The same goes for space. You might reason that a compact crossover fits your family now, but eventually, you'll be eyeing a large SUV or minivan when your family gets bigger. The idea is to plan long-term to get the most out of your purchase.
Follow the Maintenance Schedule
You can find this schedule in your owner's manual, or you can often find them online at the manufacturer's site. This schedule should tell you when to perform the various services over the life of your car. It will show you how often to change the oil, when to rotate the tires and when you should replace the timing belt. If you currently own a high-mileage vehicle and haven't been keeping up, you can still start now. Take your vehicle to a mechanic and get it inspected. Have any problems fixed, even if they're minor. Then, take another look at your owner's manual and plan to follow the schedule. Most vehicles with proper care should make it at least to 100,000 miles on the odometer. Getting to the 200,000-mile mark might take a little more doing, such as having a well-known reliable vehicle, and being willing to make a few high-end repairs.

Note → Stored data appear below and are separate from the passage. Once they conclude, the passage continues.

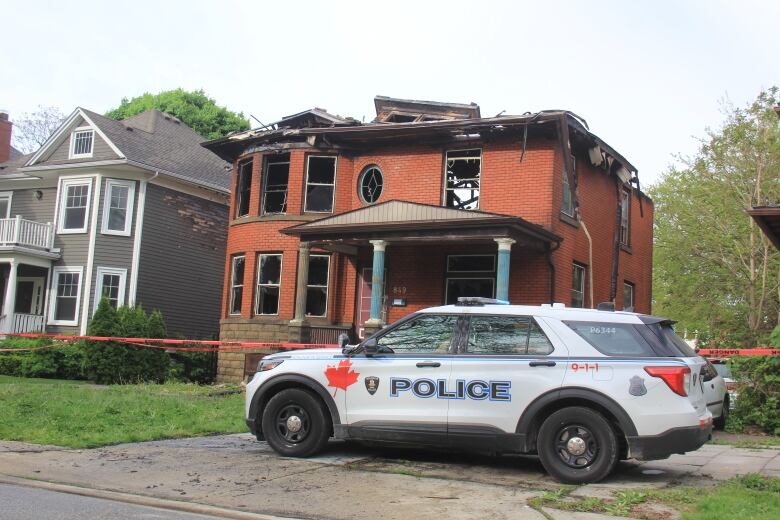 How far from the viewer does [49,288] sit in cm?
2516

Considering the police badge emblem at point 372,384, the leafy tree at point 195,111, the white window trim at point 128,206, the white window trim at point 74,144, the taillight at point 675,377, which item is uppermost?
the leafy tree at point 195,111

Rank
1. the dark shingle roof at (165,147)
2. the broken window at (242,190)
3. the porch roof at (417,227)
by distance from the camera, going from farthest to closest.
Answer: the dark shingle roof at (165,147)
the broken window at (242,190)
the porch roof at (417,227)

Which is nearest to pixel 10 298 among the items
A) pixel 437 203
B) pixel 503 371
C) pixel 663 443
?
pixel 437 203

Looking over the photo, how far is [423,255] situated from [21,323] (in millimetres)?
14087

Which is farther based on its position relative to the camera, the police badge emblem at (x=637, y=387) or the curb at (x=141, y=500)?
the police badge emblem at (x=637, y=387)

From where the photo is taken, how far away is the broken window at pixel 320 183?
20188mm

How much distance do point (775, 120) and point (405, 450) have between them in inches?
853

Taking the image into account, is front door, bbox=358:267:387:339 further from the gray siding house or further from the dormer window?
the dormer window

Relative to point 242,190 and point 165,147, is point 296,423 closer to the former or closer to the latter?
point 242,190

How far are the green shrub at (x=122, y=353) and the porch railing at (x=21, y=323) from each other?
18.5ft

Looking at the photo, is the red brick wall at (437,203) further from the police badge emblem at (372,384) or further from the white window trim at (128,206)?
the police badge emblem at (372,384)

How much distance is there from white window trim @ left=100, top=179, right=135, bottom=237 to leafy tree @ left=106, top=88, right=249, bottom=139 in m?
17.5

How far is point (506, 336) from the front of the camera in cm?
766

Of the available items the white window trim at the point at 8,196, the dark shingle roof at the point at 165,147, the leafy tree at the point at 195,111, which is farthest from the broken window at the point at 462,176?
the leafy tree at the point at 195,111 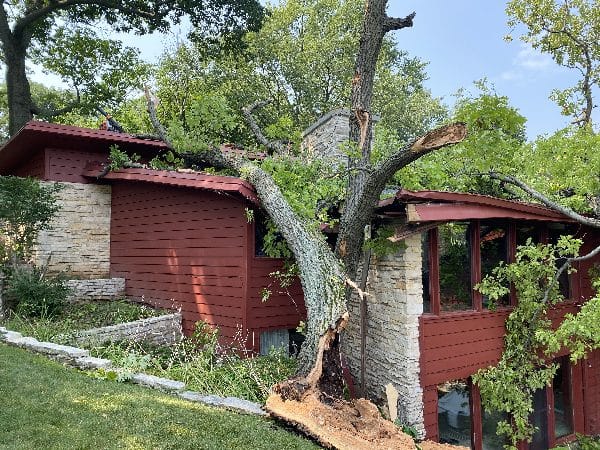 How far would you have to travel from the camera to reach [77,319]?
8055 mm

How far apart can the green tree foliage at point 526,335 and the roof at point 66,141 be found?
831 cm

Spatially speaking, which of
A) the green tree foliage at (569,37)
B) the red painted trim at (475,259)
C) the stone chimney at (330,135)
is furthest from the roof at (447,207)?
the green tree foliage at (569,37)

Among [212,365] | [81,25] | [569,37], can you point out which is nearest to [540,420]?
[212,365]

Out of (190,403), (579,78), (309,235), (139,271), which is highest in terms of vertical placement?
(579,78)

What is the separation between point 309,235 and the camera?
659cm

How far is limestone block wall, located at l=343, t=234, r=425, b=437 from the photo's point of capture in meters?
6.35

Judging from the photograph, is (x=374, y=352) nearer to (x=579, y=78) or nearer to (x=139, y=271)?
(x=139, y=271)

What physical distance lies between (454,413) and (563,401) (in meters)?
3.22

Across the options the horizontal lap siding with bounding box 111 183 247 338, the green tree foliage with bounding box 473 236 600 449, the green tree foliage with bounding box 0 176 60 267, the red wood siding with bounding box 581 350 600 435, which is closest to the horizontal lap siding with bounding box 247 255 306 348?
the horizontal lap siding with bounding box 111 183 247 338

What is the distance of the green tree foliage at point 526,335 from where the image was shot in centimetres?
686

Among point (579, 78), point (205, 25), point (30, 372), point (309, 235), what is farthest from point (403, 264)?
point (579, 78)

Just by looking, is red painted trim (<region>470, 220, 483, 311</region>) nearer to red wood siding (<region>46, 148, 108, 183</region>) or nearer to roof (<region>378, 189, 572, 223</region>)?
roof (<region>378, 189, 572, 223</region>)

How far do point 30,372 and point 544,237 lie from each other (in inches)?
336

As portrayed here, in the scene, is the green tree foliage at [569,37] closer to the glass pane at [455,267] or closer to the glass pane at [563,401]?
the glass pane at [563,401] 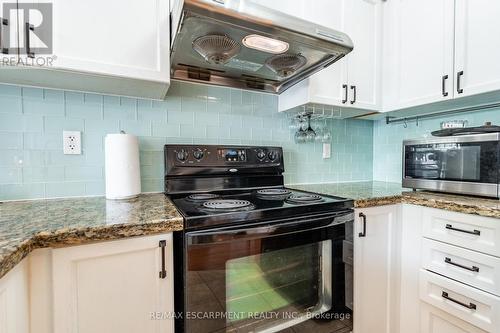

When to Use the Severe Use Schedule
You might notice in your manual or on the manufacturer site that there's a maintenance schedule for severe use. Severe use doesn't just mean towing, hauling, or going off-road a lot. It includes driving in hot climates, frigid climates, driving in stop and go traffic or making a lot of short trips. All of these factors are harder on your vehicle than driving in a temperate climate, mostly on the freeway. If these situations sound like your driving, then you might consider following the severe use maintenance schedule to make your car last longer.
Don't Go Cheap On Parts
Another way to help your car last longer is to use quality fluids and parts. Low-quality or wrong engine oil, oil filters or transmission fluid could cause more expensive repairs in the long-run. The same goes for generic and cheap parts. They may not fit as well on your car, and they're likely to wear out a lot faster. Instead, look to replace any worn parts with either OEM parts or parts by a well-known and reliable brand. Sometimes the third-party parts can be even better than OEM parts. If you look through enthusiast sites for your vehicle, you might be able to find out what other drivers are using with good results.
Use the Right Gas
Another element to not going cheap is the required gas type. Some vehicles explicitly state that they need premium gas. Not using premium gas in a car that requires it could cause performance issues and eventual damage. Some vehicles say that premium gas is recommended, which means you're still safe using regular gas as it has sensors to compensate for it. On the other hand, if your vehicle calls for regular gasoline, you won't get any benefit or better fuel economy from using premium.
Pay Attention to Your Vehicle
Get into the habit of checking under the hood every so often to make sure everything is in order. Look for leaks, odd smells, or anything that looks worn or broken. When you're driving, pay attention to unusual noises, smells, or feelings. If your car starts behaving differently, don't ignore it. Either take it to a repair shop or check it out yourself. Catching a problem in the early stages could save you money on a significant repair later.